* _Exercise directions_: Pictures in the records are to be excluded from an otherwise exact copy.

* _Record set_:
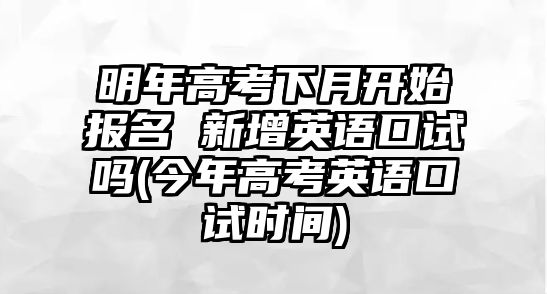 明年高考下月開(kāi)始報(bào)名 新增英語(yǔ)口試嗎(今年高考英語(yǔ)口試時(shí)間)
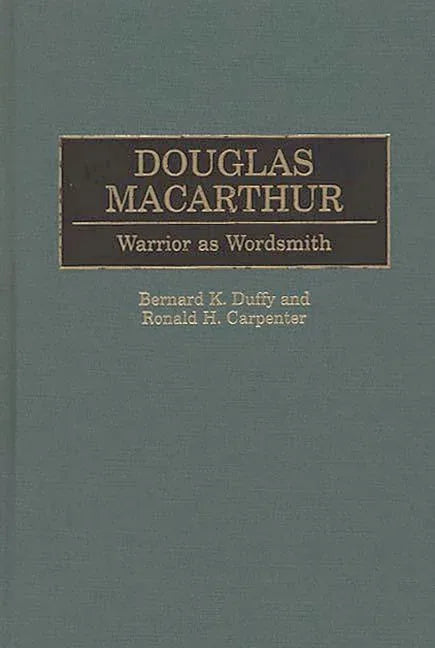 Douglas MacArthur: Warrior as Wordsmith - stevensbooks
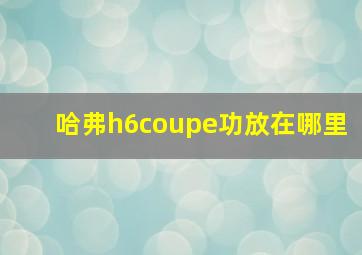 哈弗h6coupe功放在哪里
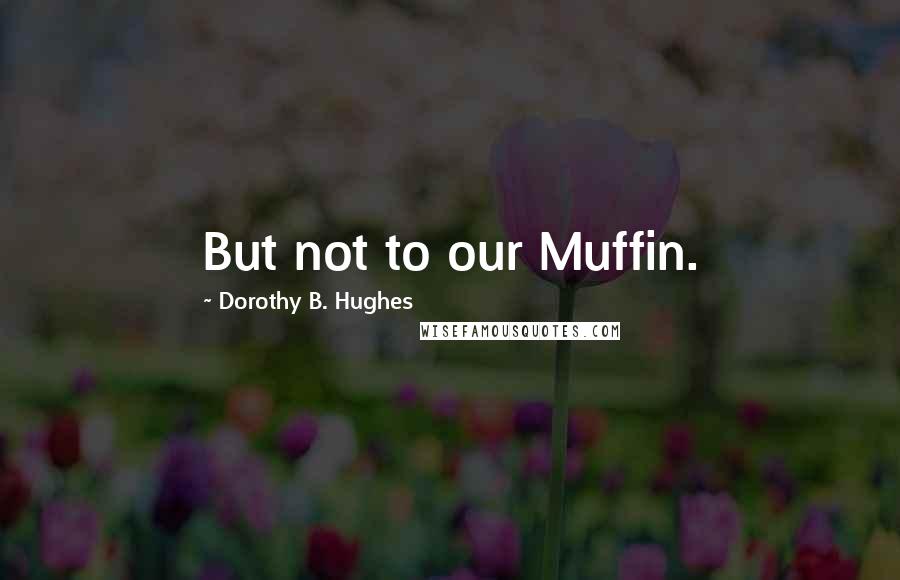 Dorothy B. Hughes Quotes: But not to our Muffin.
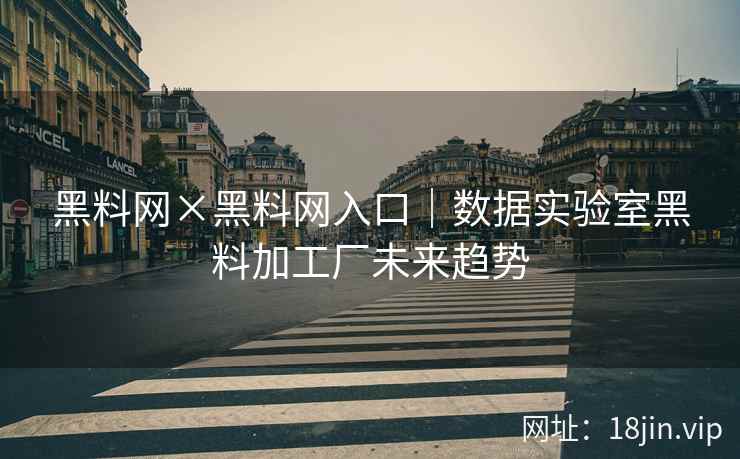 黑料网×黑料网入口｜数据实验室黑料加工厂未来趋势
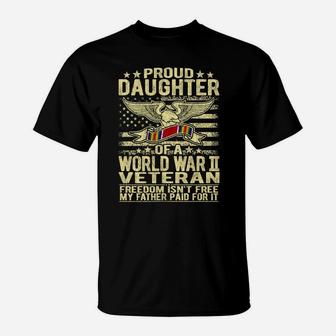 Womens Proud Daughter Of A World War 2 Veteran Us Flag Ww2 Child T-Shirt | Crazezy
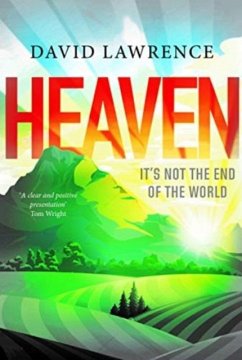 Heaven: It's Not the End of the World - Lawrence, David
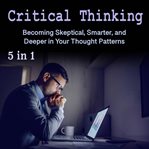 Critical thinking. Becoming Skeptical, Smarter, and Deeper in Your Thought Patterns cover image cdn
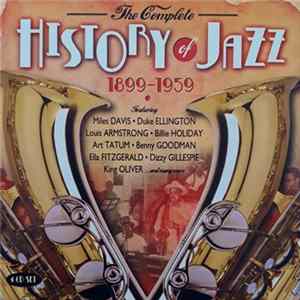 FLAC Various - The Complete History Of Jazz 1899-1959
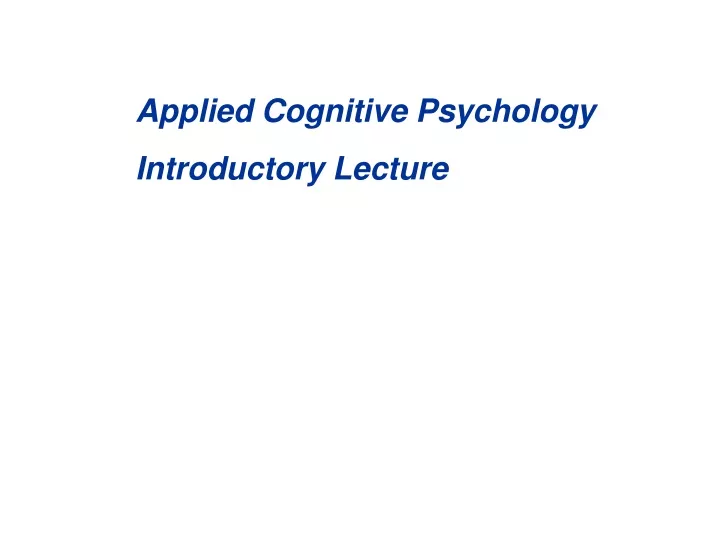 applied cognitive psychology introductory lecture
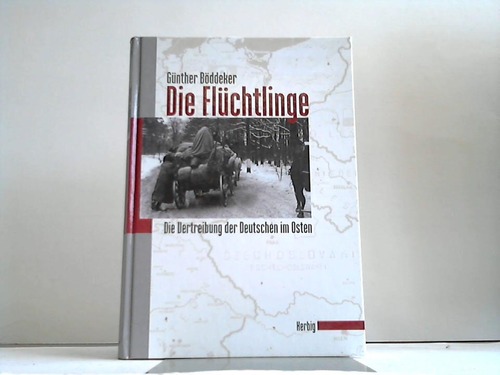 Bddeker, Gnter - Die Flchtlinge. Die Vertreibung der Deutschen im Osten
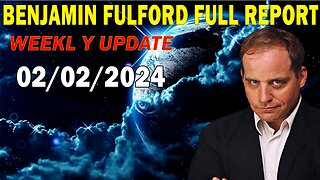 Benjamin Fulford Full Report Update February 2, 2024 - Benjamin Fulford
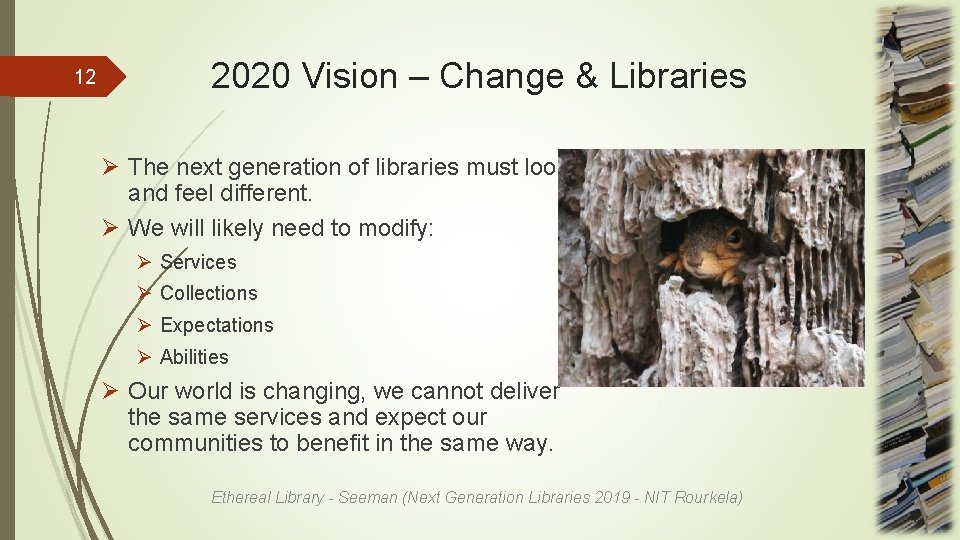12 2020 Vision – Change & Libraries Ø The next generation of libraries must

* _Final answer_:
 明年高考下月開(kāi)始報(bào)名 新增英語(yǔ)口試嗎(今年高考英語(yǔ)口試時(shí)間)
 Douglas MacArthur: Warrior as Wordsmith - stevensbooks
 哈弗h6coupe功放在哪里
 Dorothy B. Hughes Quotes: But not to our Muffin.
 黑料网×黑料网入口｜数据实验室黑料加工厂未来趋势
 Womens Proud Daughter Of A World War 2 Veteran Us Flag Ww2 Child T-Shirt | Crazezy
 Heaven: It's Not the End of the World - Lawrence, David
 Critical thinking. Becoming Skeptical, Smarter, and Deeper in Your Thought Patterns cover image cdn
 FLAC Various - The Complete History Of Jazz 1899-1959
 applied cognitive psychology introductory lecture
 Bddeker, Gnter - Die Flchtlinge. Die Vertreibung der Deutschen im Osten
 Benjamin Fulford Full Report Update February 2, 2024 - Benjamin Fulford
12 2020 Vision – Change & Libraries Ø The next generation of libraries must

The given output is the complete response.